John Tortorella really missed coaching.
How much?
Well, he left a job as an ESPN hockey analyst to become the head coach of a Philadelphia
Flyers team that finished with the second-worst record in franchise history last season, a team that did little in the offseason to
improve its fate.
Tortorella likes the challenge. He was desperate to get back behind a bench, desperate to get back to his element.
“Missed it terribly,” he said.
Surprisingly, he said becoming the Flyers’ coach had been on his mind for almost two decades.
In one sense, he picked a bad time for his wish to come true. The team looks mediocre at best, as does the farm system.
Then again, the Flyers would be hard-pressed to repeat last year’s 61-point disaster, a season in which they had an inordinate amount of injuries to key players, such as Sean Couturier, Kevin Hayes, and Ryan Ellis.
“It’s a great challenge to get the organization back on the right rail,” said Tortorella, who signed a four-year deal that pays him $4 million per season. “And as I’ve said from the get-go, it’s always been an organization that I’ve respected. We had some wars with them.”

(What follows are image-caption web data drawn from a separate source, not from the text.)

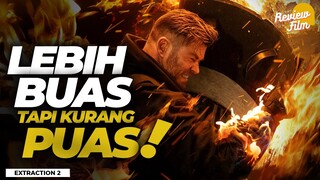 Review EXTRACTION 2 (2023) - 21 MENIT LONG SHOT ACTION, ITU GILA SIH❗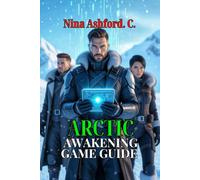 Arctic Awakening Game Guide: Master Every Choice, Relationship, and Secret in Your Journey Through the Frozen Wilderness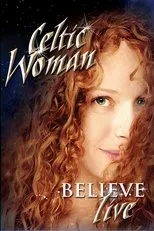 Póster de Celtic Woman: Believe Live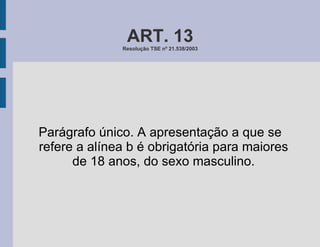 ART. 13 Resolução TSE nº 21.538/2003 Parágrafo único. A apresentação a que se refere a alínea b é obrigatória para maiores de 18 anos, do sexo masculino. 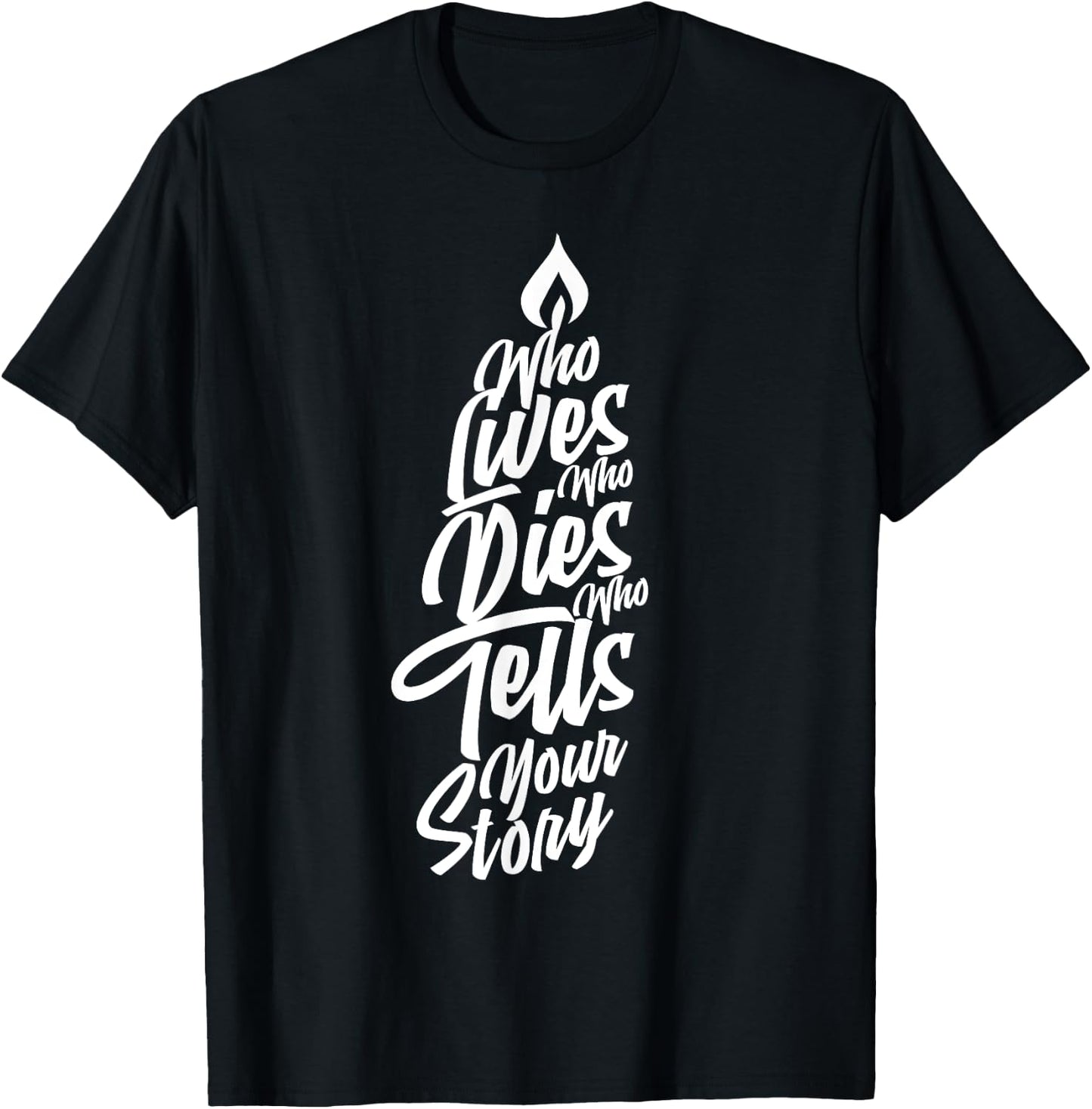 Who Lives Who Dies Who Tells Your Story T-Shirt - T-Shirt | Black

Before being hired by the Flyers, Tortorella was a head coach with Tampa Bay, the New York Rangers, Vancouver, and Columbus, compiling a 673-541-37-13 record over 20 seasons. He won a Stanley Cup with Tampa in 2004, had some very good seasons with the Rangers, and molded the Blue Jackets into a playoff contender despite a so-so roster.
So there is hope for the Flyers.
“I just want to be part of something and try to get some success,” said Tortorella, a two-time Coach of the Year who is the second-winningest American-born coach in NHL history. “I want to develop some of the youth of the team and try to get us to play the right way as a team.”
That didn’t happen last year when the Flyers were near or at the bottom of the league in goals scored (2.56 per game, 31st out of 32 teams) and goals allowed (3.59; 27th). They were last in the NHL on the power play (12.6%; 32nd) and 26th on the penalty kill (75.7% success rate).
“We have a lot of work to do,” Tortorella said.
With little cap space, the Flyers made few off-season moves. Their biggest addition was defenseman Tony DeAngelo, who is expected to quarterback the power play. The Flyers, who open their season Oct. 13 against visiting New Jersey, need Couturier and Hayes to rebound from injuries. (Couturier was out indefinitely in training camp after re-injuring his back.) It would also help immensely if some of the young players like Owen Tippett, Morgan Frost, Wade Allison, Noah Cates, Tanner Laczynski, and Cam York blossomed.
Tortorella, a Boston native, said “developing a team concept and a structure that they understand” is foremost on his mind. “I just want to see growth. I don’t want to miss any steps as far as building that growth until you get to a kind of crescendo of just total belief in what we’re doing; total belief in who we are. That’s a process.”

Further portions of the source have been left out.